Max Olson is a highly regarded litigator who successfully represented U.S. Olympic Gymnast Paul Hamm in the fight to keep his gold medal.
Los Angeles (November 29, 2004) Morrison & Foerster LLP announced today that Max Olson has been named managing partner of the Los Angeles office. Mr. Olson takes over from David Babbe who served as head of the office for the past seven years. Mr. Babbe steps down after serving two terms as managing partner and will continue his complex business litigation practice, focusing on insurance coverage and professional liability litigation.
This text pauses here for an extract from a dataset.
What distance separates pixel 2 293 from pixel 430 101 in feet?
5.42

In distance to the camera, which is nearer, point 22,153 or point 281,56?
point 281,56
The Los Angeles office has 110 attorneys and celebrated its 30th anniversary this year.
"This office has a strong foundation in litigation, business, labor and tax, all of which are important to the entire firm," said Mr. Olson, a partner who joined the Los Angeles office 13-years ago. "I plan to continue to expand in those areas and to maintain the legendary service that our clients have come to expect from Morrison & Foerster in Los Angeles and worldwide."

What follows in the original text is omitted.